ElBaradei was director-general of the International Atomic Energy Agency (IAEA) from 1997 to 2009. The tall, shy Egyptian lawyer had joined the IAEA in Vienna in 1984, when, after teaching international law in New York, he became interested in nonproliferation. He built his career at the IAEA on what he described as "telling truth to power." He opposed the U.S. invasion of Iraq in 2003, saying in dramatic testimony at the United Nations that his inspectors needed more time to determine if Saddam Hussein was reviving Iraq's nuclear weapons program.
He then tangled with the United States over Iran, criticizing U.S. policy as wrongheaded. ElBaradei urged unconditional engagement rather than confronting Iran with sanctions to force it to give up sensitive nuclear work. His efforts won him a Nobel Peace Prize, but they also brought claims that he was enabling Iran's reputed quest for nuclear weapons. ElBaradei faces these charges head-on in his book.
He frankly says that he felt free to speak out far beyond the technical limits of his role of verifying compliance with the nuclear Nonproliferation Treaty (NPT). After all, ElBaradei had described himself in an interview with The New York Times as a "secular pope" whose mission was to "make sure, frankly, that we do not end up killing each other." The United States saw this as politicizing the IAEA's verification function in a way that reduced its credibility and effectiveness. ElBaradei responded to U.S. officials who "complained that I was overstepping the limits of my position":
I told them I had "no box," that I felt it part of my responsibility to speak out on matters that had a direct impact on the nuclear nonproliferation regime, a responsibility that, as a Nobel laureate, I felt even more keenly. When it came to reporting on verification issues, my role was to present the facts. But I had witnessed the discrediting and manipulation of the IAEA's work in the lead-up to the Iraq War and would not allow that to happen again on my watch. I felt it was important to leave as little room as possible for media hype or manipulation. And it was my charge to help Member States find peaceful solutions to nuclear tensions, by contributing my perspective and vigorously supporting nuclear diplomacy. I knew, of course, that the states themselves made the decisions in the end.
However, a Western diplomat who dealt often with ElBaradei told me when he heard I was writing this review that "if the Iranians get an atomic bomb, ElBaradei will have helped." He said ElBaradei had toned down IAEA reporting of Iran's violations of its NPT obligations and that his lobbying to allow Iran more time to comply with IAEA and UN Security Council demands weakened the impact of UN sanctions. This in turn weakened international diplomacy to get Tehran to rein in its nuclear ambitions, he argued.
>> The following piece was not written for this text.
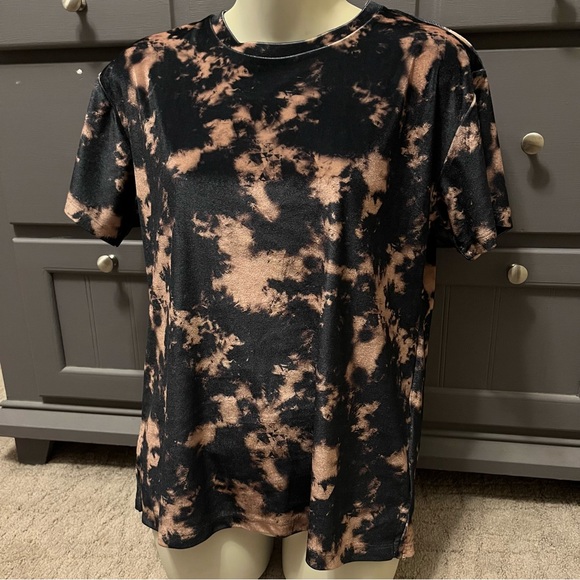 🆕 Topshop Black and Tan Tie-Dye Velvet Top - Picture 1 of 8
ElBaradei seeks to set this record straight in The Age of Deception. His book starts out with his effort to investigate Iraq's nuclear program; reviews the topsy-turvy history in North Korea, where IAEA inspectors were kicked out and years later invited back in; and expresses ElBaradei's irritation that the IAEA was denied its NPT-mandated role when left out of the U. S. -British negotiations to disarm Libya and when not given the information that led Israel to bomb a suspected nuclear reactor in Syria, information that would have led to an IAEA investigation rather than the military attack. …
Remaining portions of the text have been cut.